# Homework Help: Some flux questions

1. Aug 4, 2007

### t_n_p

The problem statement, all variables and given/known data

2. A large uniform sheet of charge on an insulator produces a field of 1000 V/m directed towards the sheet, at a distance 2 mm in air. What is its charge in microcoulomb per square metre? Take care with the sign.
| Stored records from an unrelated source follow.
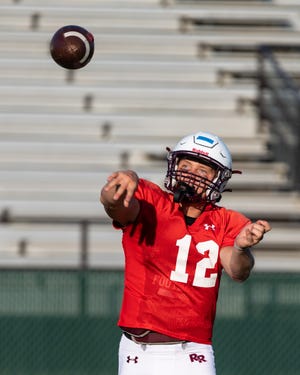 Incoming junior Mason Cochran throws the ball at Round Rock's spring football game May 18 at Dragon Stadium. Cochran ran for 961 yards, threw for 832 yards and accounted for 21 touchdowns as a sophomore.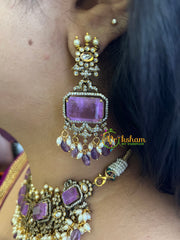 Purple Victorian Diamond Short Neckpiece -VV116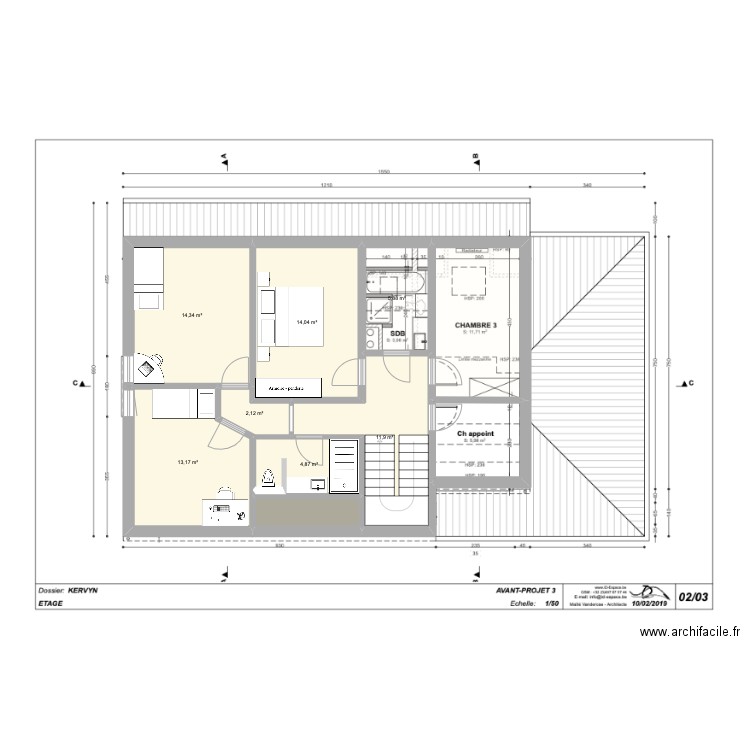 Etage maison alsemberg. Plan de 10 pièces et 86 m2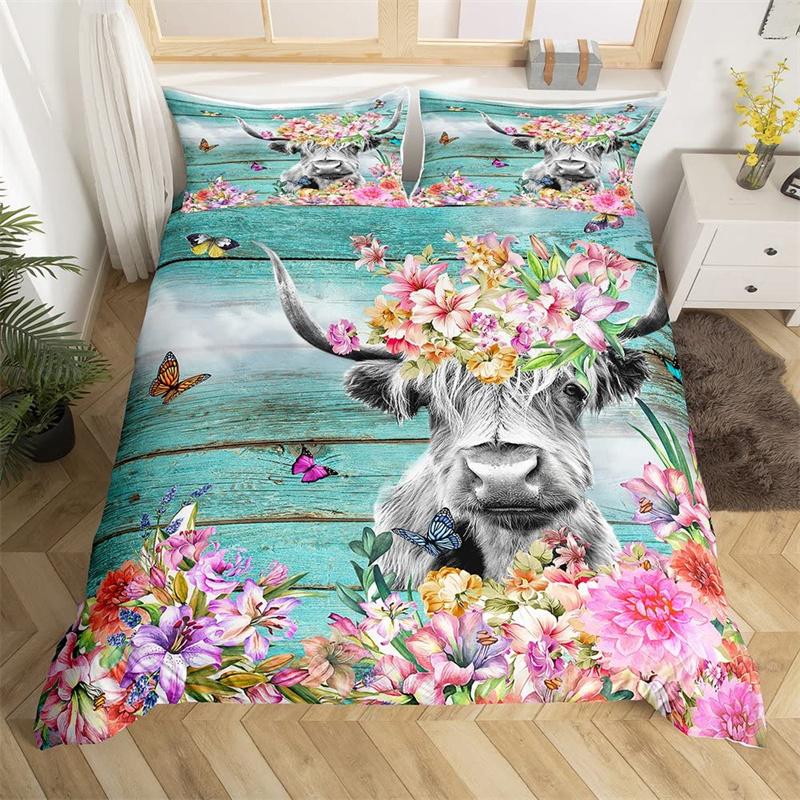Comforter Highland Cow Western Farm Animal Bedding Set Polyester Flower Wooden Cattle Single Double For Boys Girls Comforter (quilt)-EU Single(135*200cm)3pcs
Comforter Highland Cow Western Farm Animal Bedding Set Polyester Flower Wooden Cattle Single Double For Boys Girls Comforter (quilt)-EU Single(135*200cm)3pcs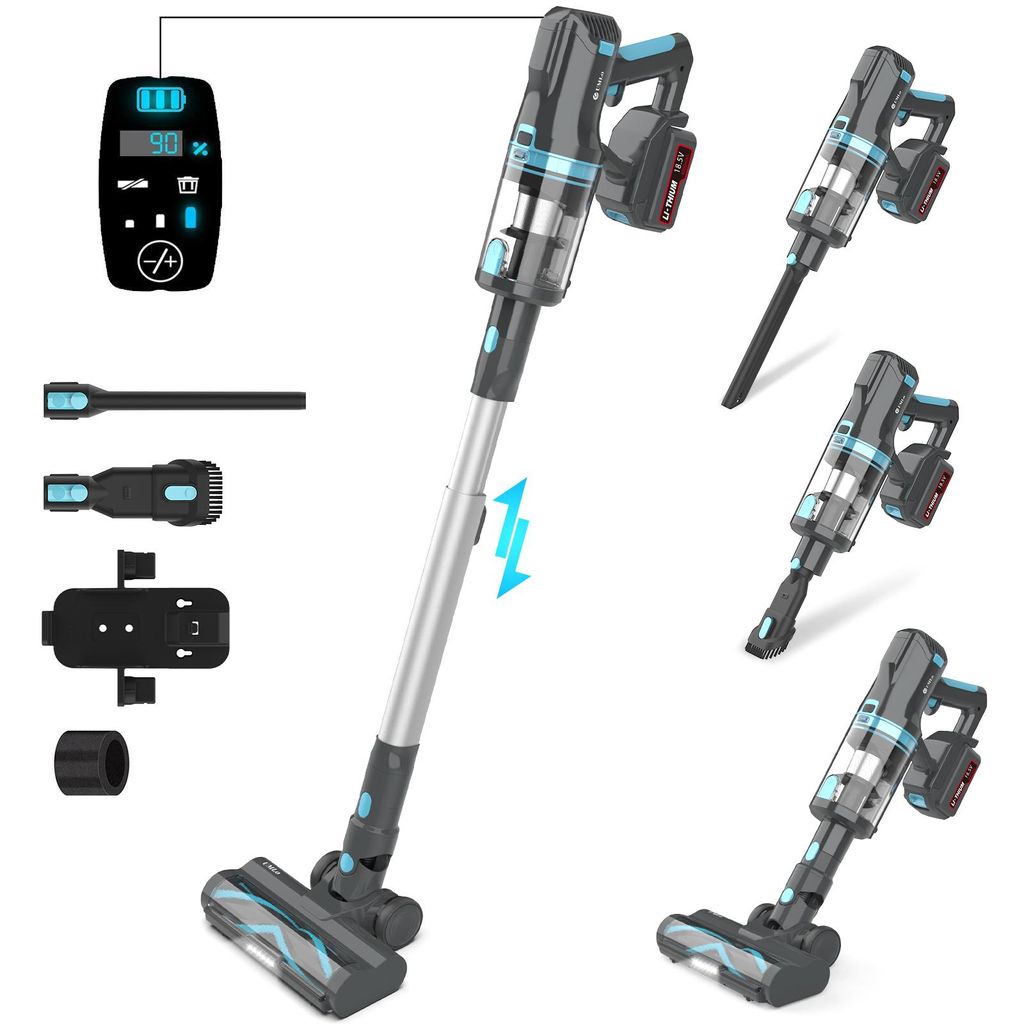 FORSMANO Akku-Stielstaubsauger, Kabellos, 30 kPa Saugkraft, 300W Motor, 60 Min. Laufzeit, LED-Bürste & HEPA Filter, Blau-Grau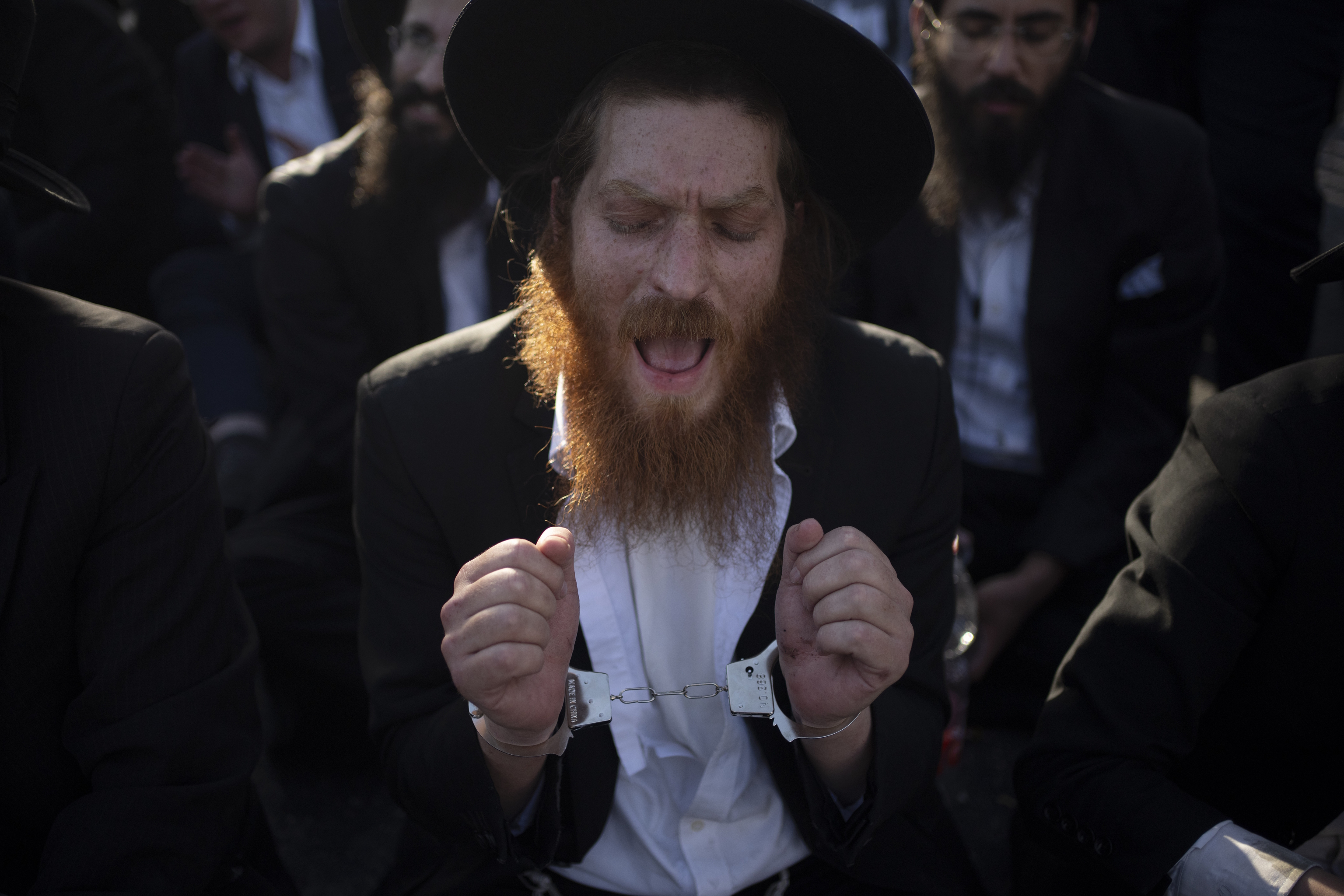 Ultra-Orthodox Jewish man during a protest in Jerusalem.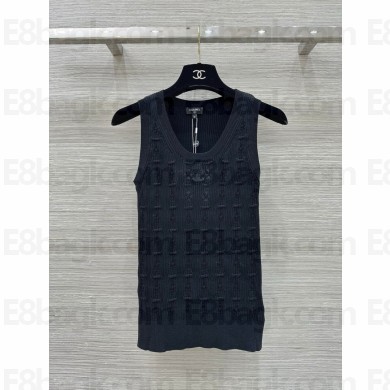 chanel black logo vest 2024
3. A spherical balloon of radius R = 2 m has a uniformly charged surface of total charge +Q. The electric field strength is 3.0 kV/m directed outward at a radial distance 4R from the balloon's centre.
If the balloon is now is inflated so that its new radius is 1.1R, and its charge is doubled, what now is the field at the same radial distance 4R from the balloon's centre, in kV/m?

The attempt at a solution

2. I think this is the correct method. From Gauss's Law I use 2EA = enclosed charge/epsilon0, giving enclosed charge/area = -1.77*10^-8. Converting that to microcoulomb/square metre gives -1.77*10^-14. I think it's right, but not 100%

3. Got no idea!

Edit: I solved the first question.

Last edited: Aug 5, 2007
2. Aug 5, 2007

### chaoseverlasting

2. The field should be EA and not 2EA, you only need to consider one surface and not two.

3. Use coulombs law. And the change in radius doesnt matter, you only need to consider the distance from the center of the sphere.

3. Aug 5, 2007

### t_n_p

Thanks!
For 2, I figured out the answer to be 8.85*10^-15 nC/m^2 using EA rather than 2EA.

For 3, After using coulombs law, what forumla do I use to get the field in kV/m?

4. Aug 6, 2007

### andrevdh

2. Since one is closeby the sheet I think that the intention is using the derived formula for a large sheet

$$E = \frac{\sigma}{2\varepsilon _o}$$

you are correct in making the answer negative since the sheet needs to be negatively charged (a positive test charge will be attracted towards the sheet)

5. Aug 6, 2007

### andrevdh

3. Here you need to reason what happens to the flux. If the charge on the balloon stayed the same the flux would not have changed even if the baloon is inflated - according to Gauss' law. The flux only changes (for the same gaussian surface) if the enclosed charge is altered. Since the field is required at the same distance the flux will not be influenced by the area component of the summation, only the electric field in the summation (integration) changes the flux. This means that doubling the charge would result in the electric field being ...